*** Opening of MATERIAL PROVIDED ***
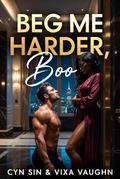 Beg Me Harder, Boo by Vixa Vaughn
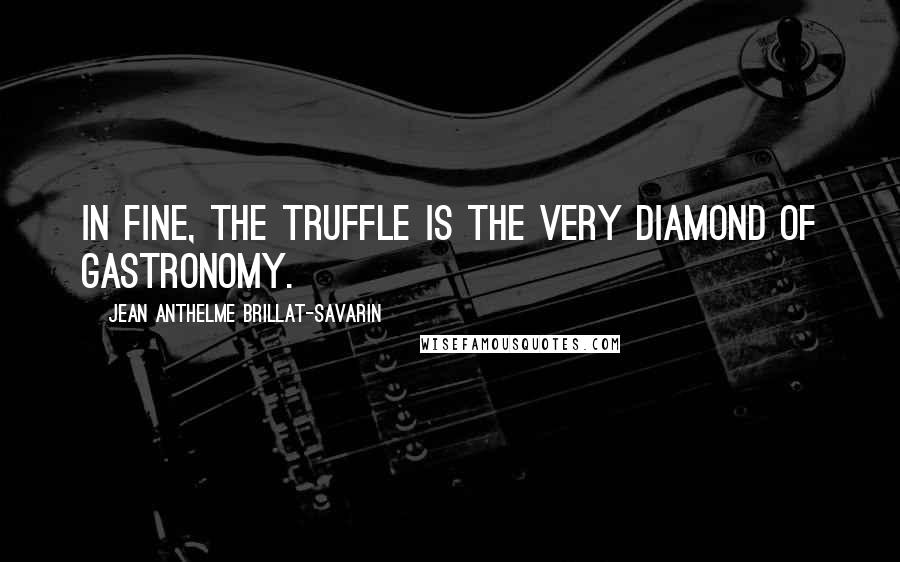 Jean Anthelme Brillat-Savarin Quotes: In fine, the truffle is the very diamond of gastronomy.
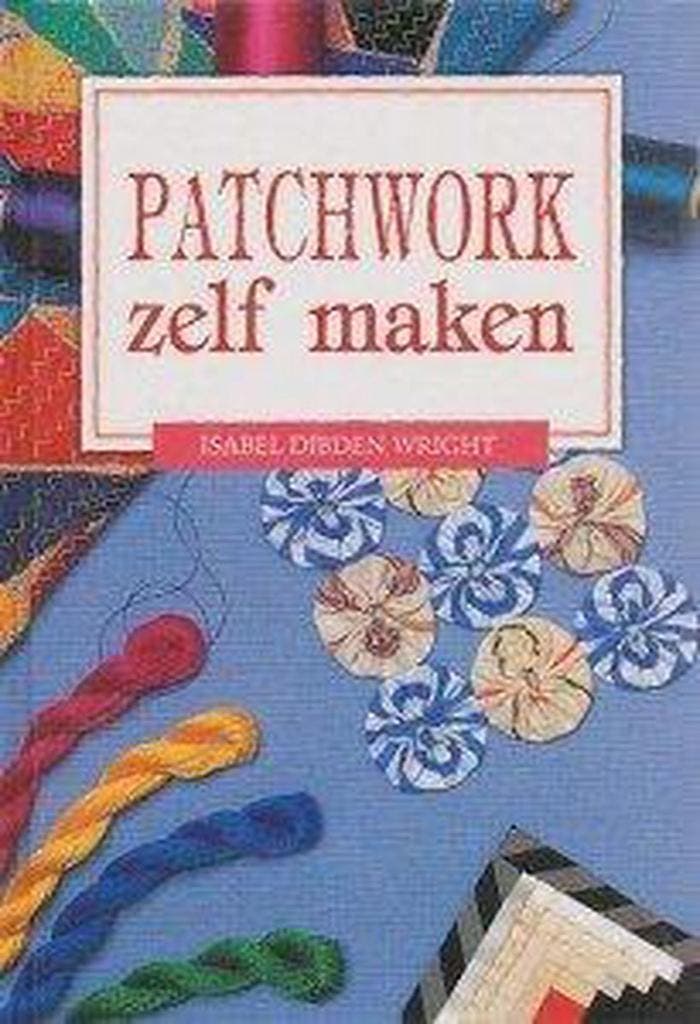 PATCHWORK ZELF MAKEN 9789065908223 WRIGHT, Boeken, Hobby en Vrije tijd, Zo goed als nieuw, Verzenden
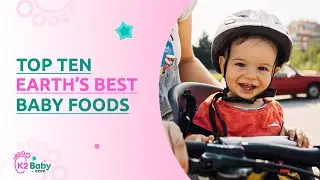 Top 10 Earth&rsquo;s Best Organic Food For Babies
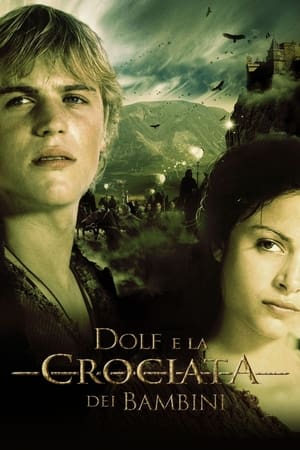 Dolf e la crociata dei bambini - Crusade in Jeans (2006)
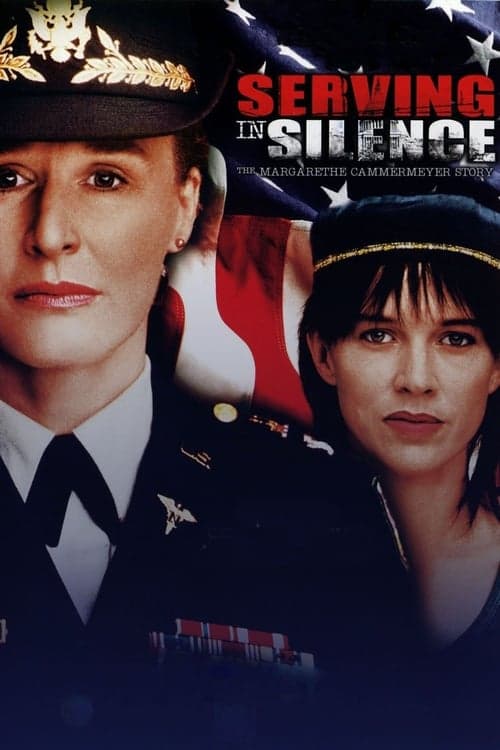 Serving in Silence - The Margarethe Cammermeyer Story poster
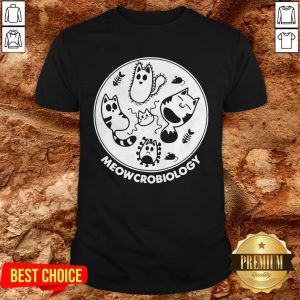 Perfect Meowcrobiology Shirt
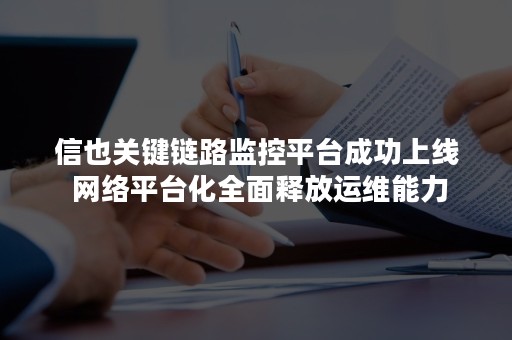 信也关键链路监控平台成功上线 网络平台化全面释放运维能力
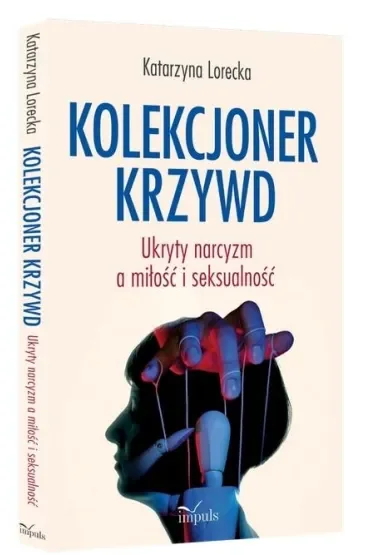 Kolekcjoner krzywd Ukryty narcyzm a miłość i seksualność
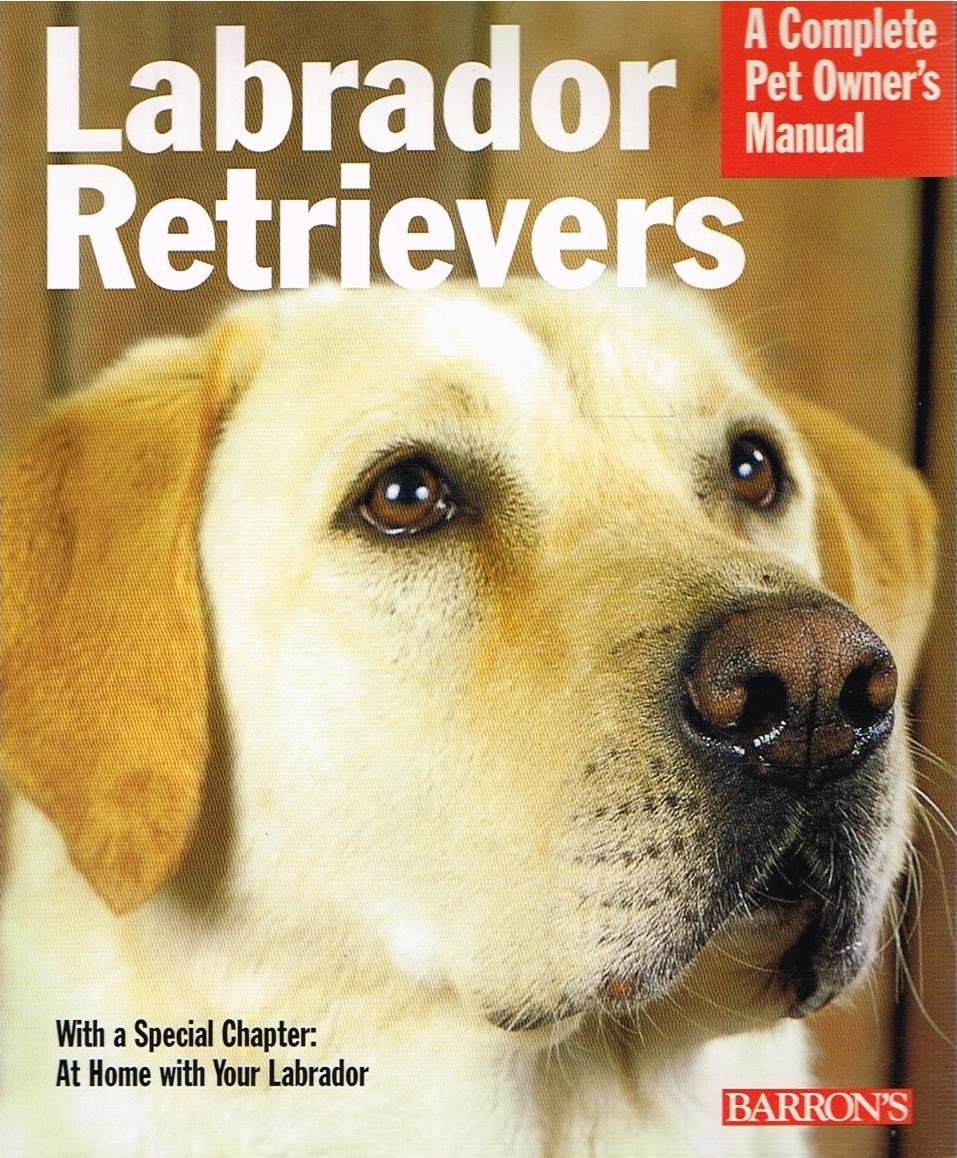 Labrador Retrievers: Everything About History, Purchase, Care, Nutrition, Training, And Behavior (Complete Pet Owner's Manual) Pets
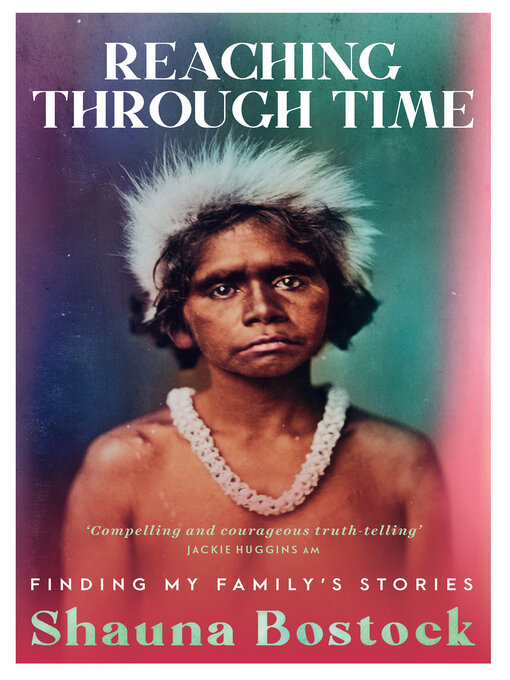 Title details for Reaching Through Time by Shauna Bostock - Available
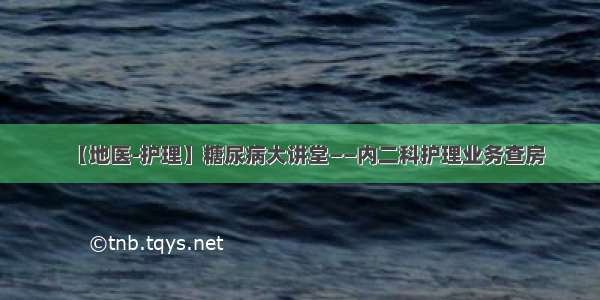 【地医-护理】糖尿病大讲堂——内二科护理业务查房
*** Close of MATERIAL PROVIDED ***
**EXERCISE INSTRUCTIONS**
Lines before the one containing "Dolf e la crociata" are not wanted; repeat that line and the rest of the listing exactly, leaving out pictures.

**ANSWER SPACE**
 Dolf e la crociata dei bambini - Crusade in Jeans (2006)
 Serving in Silence - The Margarethe Cammermeyer Story poster
 Perfect Meowcrobiology Shirt
 信也关键链路监控平台成功上线 网络平台化全面释放运维能力
 Kolekcjoner krzywd Ukryty narcyzm a miłość i seksualność
 Labrador Retrievers: Everything About History, Purchase, Care, Nutrition, Training, And Behavior (Complete Pet Owner's Manual) Pets
 Title details for Reaching Through Time by Shauna Bostock - Available
 【地医-护理】糖尿病大讲堂——内二科护理业务查房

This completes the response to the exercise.